書き手とエコーチェンバー

 エコー・チェンバーって、みんなが刺さって読むようになった「有名な書き手」にも起こる現象らしくて、な。

 要は読書市場の大衆化が進展してゆくことで必然的に起こってくる現象なんだと思うが、戦後直近地続きだと60年代半ばあたりからちらほら現われて、70年代から80年代にかけて全開になっていった印象がある。

 それこそ柳田国男なんてその初期の事例かと。最晩年に著作集が計画されて出始めたあたりで逝去、それきっかけに一気にいまあるような脈絡での「評価」が形成されていってるわけでな。
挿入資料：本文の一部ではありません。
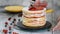 Hands of female pastry chef making delicious cake of sponge layers, whipped cream and berry jam using rotating cake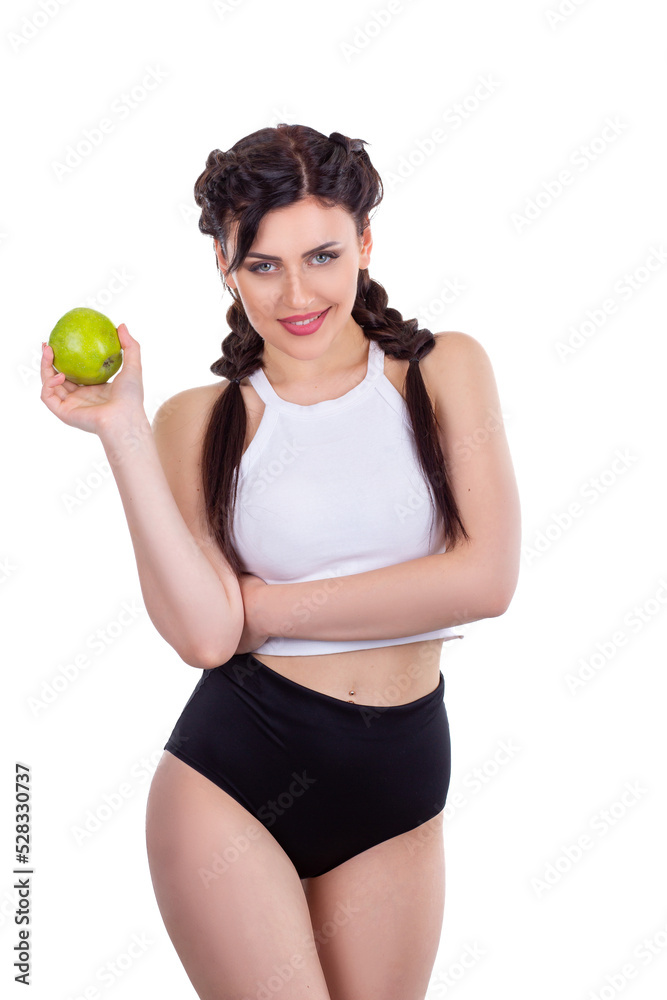 Beautiful young brunette girl holding a green fresh apple isolated on white background Beautiful young brunette girl holding a green fresh apple isolated on white background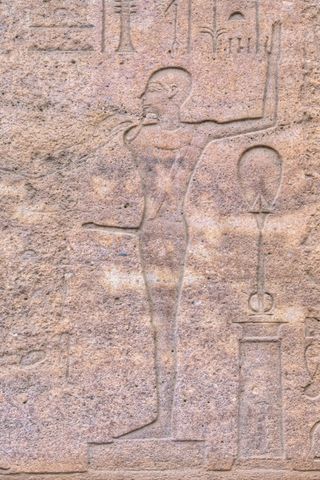 carving of the god Min in the Karnak Temple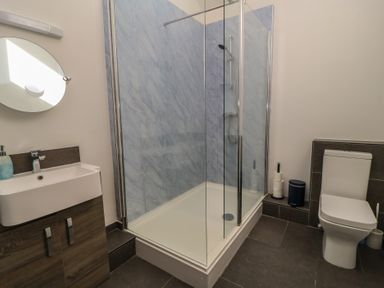 A bathroom with a shower, sink, and toilet at Dale Barton in Wells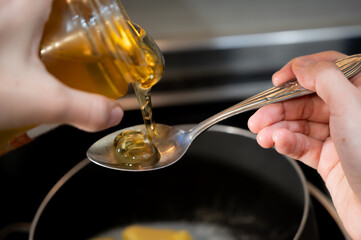 Honey or Maple Syrup Pouring on Spoon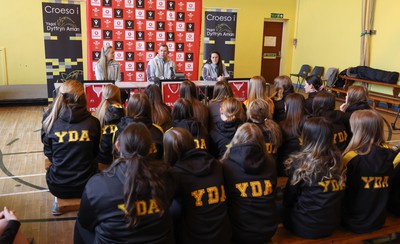 080323 - Wales Women 6 Nations Squad Announcement, Ysgol Dyffryn Aman, Ammanford - Wales Women Rugby head coach Ioan Cunningham and players Hannah Jones, left and Ffion Lewis return to their former school to speak to girls about their rugby careers and to formally announce the Wales Women’s squad for the forthcoming Women’s 6 Nations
そのへん当時から益田勝実がちらっと言及しとったと思うが。

 吉本隆明であれ鶴見俊輔であれ、いずれそういう「みんなに広く読まれるようになってしまった」書き手の「評価」ってのは、そういうエコー・チェンバーが形成されていった過程と併せ技で読む、読めるだけの、動態的な情報環境についてのリテラシーがないと単なるチェンバー内の劣化相互コピーだわな。

 著作や業績が「リスト」としてリニアーにフラットに並べられちまう世界観、手癖含めた「処理」の間尺だけで見るような今様「まじめ」「優秀」物件視線からは、そういうエコー・チェンバーの形成過程とそれらとの関係で生産されていった面もある個々の業績固有の文脈などは、初手から視野の外だわな。

 本邦日本語環境での読書市場の広がりとそこに宿るその他おおぜいの「読み手」のリテラシーとの関係で著作や業績も生産されてきた人文社会系の書き手の「仕事」のありようからすると、そういうエコー・チェンバー的読書空間の形成と情報環境の変遷という補助線は必須の前提になるわけでな。